Plusieurs organisations syndicales dénoncent que le TTPI encouragera la « flexibilité sociale », poussera à la réduction des salaires et à la destruction de l’Etat social. Ils craignent une réduction du nombre d’emplois dans plusieurs secteurs industriels (électronique, communication, transport, métallurgie, industrie papetière, services aux entreprises) et agricoles (élevage, agro-carburants, sucre).
De leur côté, les écologistes européens et les défenseurs du ‘commerce juste’ expliquent que le TTPI, en supprimant le principe de précaution, pourrait faciliter l’élimination des régulations environnementales ou de sécurité alimentaire et sanitaire. D’autres estiment que le Partenariat favorisera l’introduction en Europe du fracking et le recours à des substances chimiques dangereuses pour les nappes phréatiques, dans l’exploitation de gaz et de pétrole de schiste [16].

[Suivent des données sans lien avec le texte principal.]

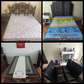 Queen size bed for quick sale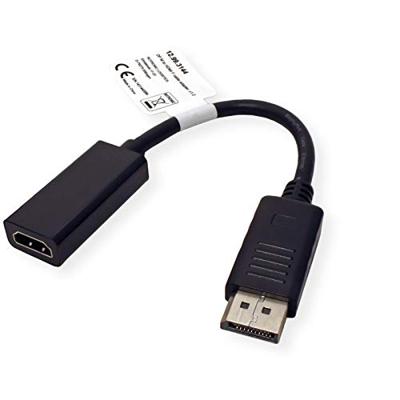 VALUE DisplayPort - HDMI Adapter, v1.2, DP Male-HDMI Female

Toutefois, l’un des principaux dangers du TTPI c’est qu’il comporte un chapitre important sur la « protection des investissements ». Cela pourrait permettre à des entreprises privées de dénoncer des Etats, coupables à leurs yeux de vouloir défendre l’intérêt public, et de les traîner devant des Tribunaux internationaux d’arbitrage (à la solde des grandes corporations multinationales). Ce qui est en jeu ici c’est tout simplement la souveraineté des Etats, et leur droit de conduire des politiques publiques en faveur de leurs citoyens.
Mais, aux yeux du TTPI, les citoyens n’existent pas, il n’y a que des consommateurs. Et ceux-ci appartiennent aux entreprises privées qui contrôlent les marchés.
Le défi est immense. La volonté civique de stopper le TTPI ne peut être moindre.